Collin Sekajugo


Collin Sekajugo approaches his work from a distinct, aesthetic departure point that resides in his repeated return to pop culture and the omnipresent influence exuded by the global mainstream, conversing with and critiquing its many biases across visual, oral, and digital cultures. Since 2012, Sekajugo has worked with the manipulation of the common stock image to reveal its inherent biases of entitlement and privilege largely modelled on the Western self. Conceptually, Sekajugo’s works become pure theater, a hacking of identity that exposes truths behind these stock images that quietly continue to colonize the entire globe by the weight of their own popularity.

His paintings, installations, and performance work engage social responsibility, highlighting the link between art and community in East Africa and beyond. Sekajugo’s compositions in saturated color palettes recast these mainstream depictions of mostly white subjects with Black protagonists, highlighting—among many topics—the notion of the "digital plantation" and the risks of a renewed period of African servitude in the generic service industry planned for its future populous by international global corporate interests.

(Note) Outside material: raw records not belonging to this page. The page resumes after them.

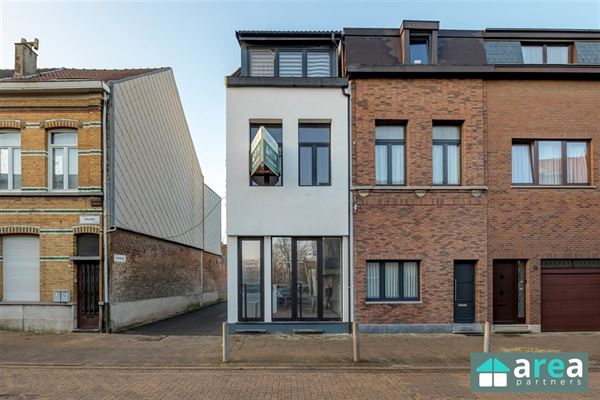 Pand met app + handelsruimte + stockage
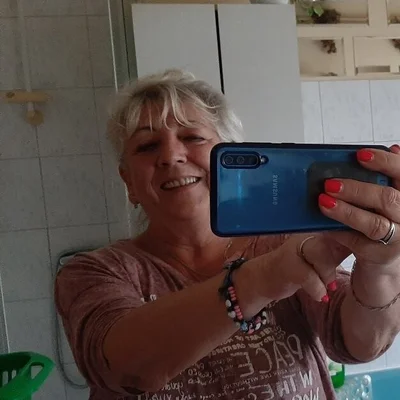 Évi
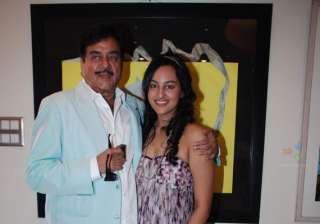 sonakshi preformed item number in front of shot... sonakshi preformed item number in front of shot...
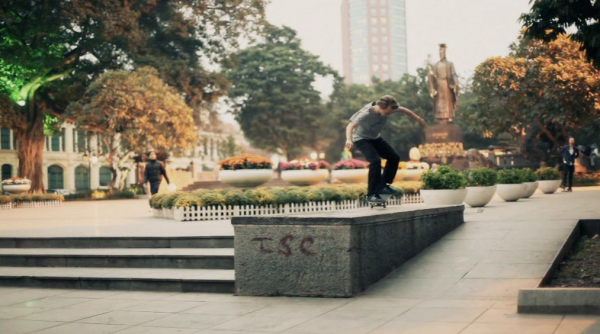 skateboarder Hugo Maillard dans DVD SKATE Anagram Crazy Extreme Skate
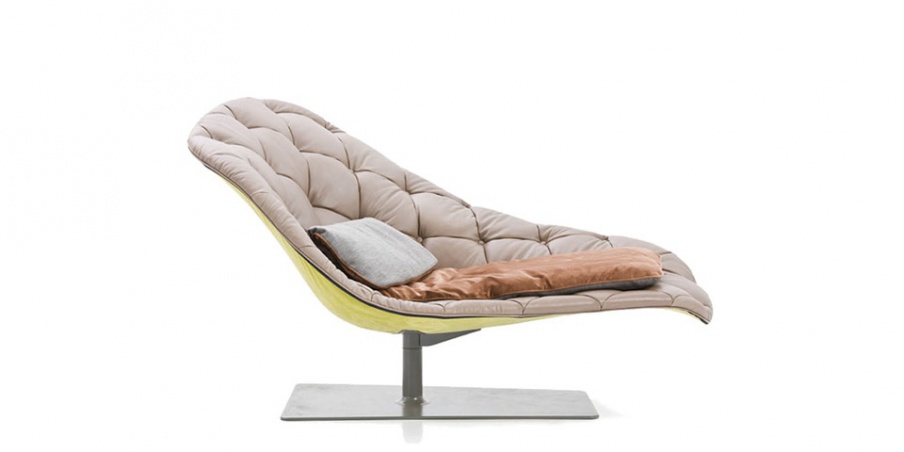 The Bohemian chaise longue in fabric with a metal frame, Moroso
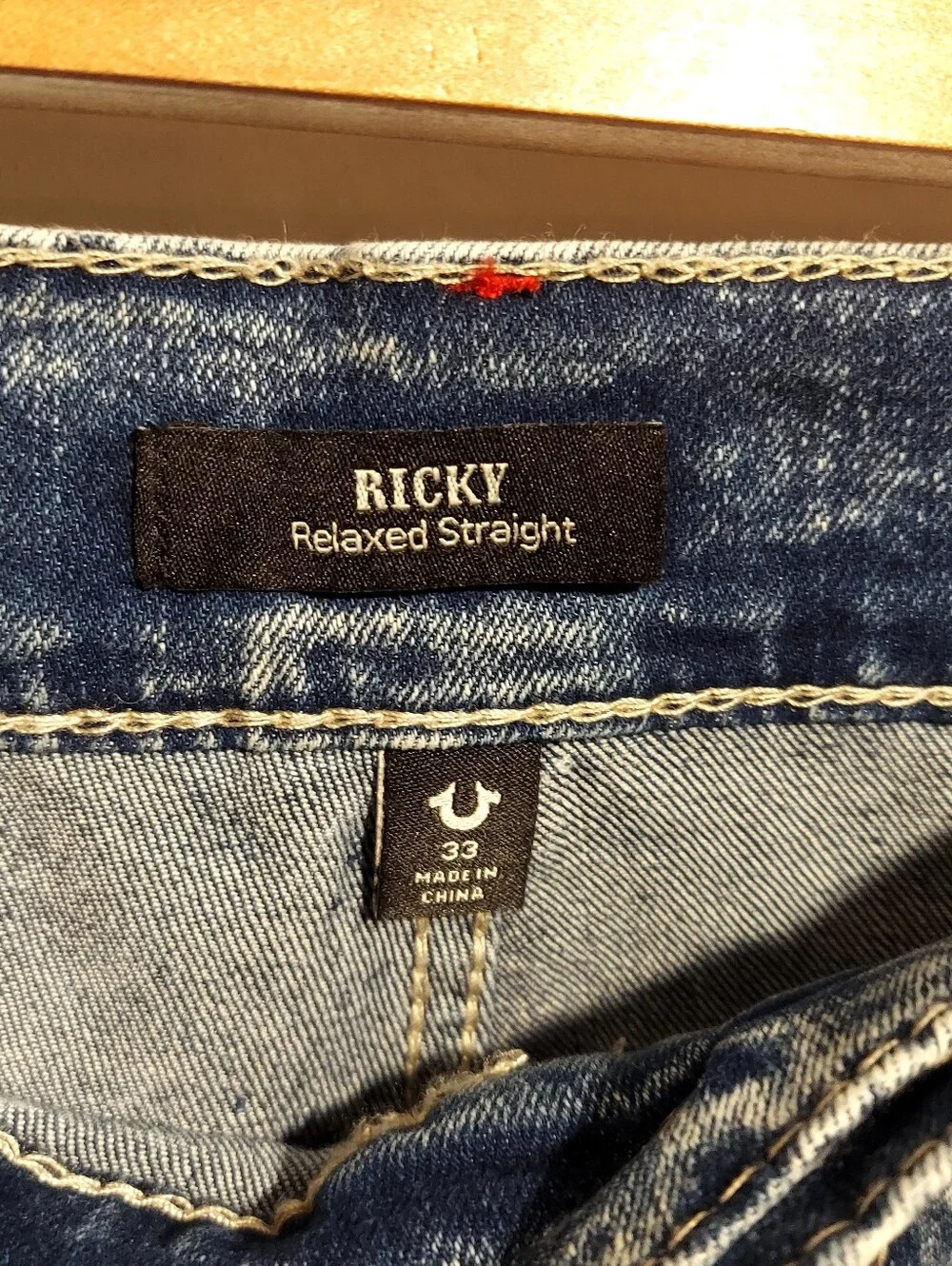 True Religion Ricky Big T Relaxed Straight Jeans 33x33 No Pocket Flap Acid Wash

As a homage to his community, the artist integrates locally sourced and found materials such as barkcloth and denim fabrics into the surfaces of his works. He also uses discarded consumer materials such as polypropylene bags and wastepaper, in critique of environmentally destructive and globally unsustainable consumption and production patterns.

Shaheen Merali, curator for the Uganda National Pavilion at the 2022 Biennale di Venezia, says: “In appreciating the intriguing desire by Sekajugo ‘to create alternative cosmologies,’ we are preparing for different ‘knowledge and new politics of identity’ in civic engagement and in the changing meanings of race. The imagery with strong vernacular language creates motifs of longing, striking restrained commentaries of Anglospheric aspirations.” The artist’s portraits engage the complex sociopolitical interrelationships experienced by artists from West and Central Africa, channeling the region’s colonial history and its present-day subjugators in the form of environmental racism, foreign corporate interest, and the deterioration of social ties under the reign of e-commerce. 

In 2007, Sekajugo opened the Ivuka Project—the first visual arts space founded in Kigali, Rwanda—with the mission statement “Using Art to Change Lives.” In 2010 the artist initiated the Weaver Bird Residency, a community-based arts organization that aims to foster creative development in the Masaka area. The initiative runs art workshops and residencies at Camp Ndegeya, a retreat center in Masaka, bringing the public and the creative sector together to interact beyond the hectic urban atmosphere of Kampala, the capital city of Uganda. More recently, Sekajugo has embarked on the transformation of the visual landscape of his hometown with the initiative Make Masaka, commissioning young artists from the community in mural painting.

Collin Sekajugo (b. 1980, Masaka, Uganda) lives and works in Kampala, Uganda. In 2022 his work was showcased alongside Acaye Kerunen’s in the inaugural and award-winning Uganda National Pavilion at the 59th International Art Exhibition of La Biennale di Venezia. His work is represented in international permanent collections including the Chazen Museum of Art, Madison, WI; Smithsonian National Museum of African Art, Washington, D.C.; and the U.S. Embassy, Kigali, Rwanda. Sekajugo is also the recipient of the 2019 Chapter 4 Human Rights Award Uganda.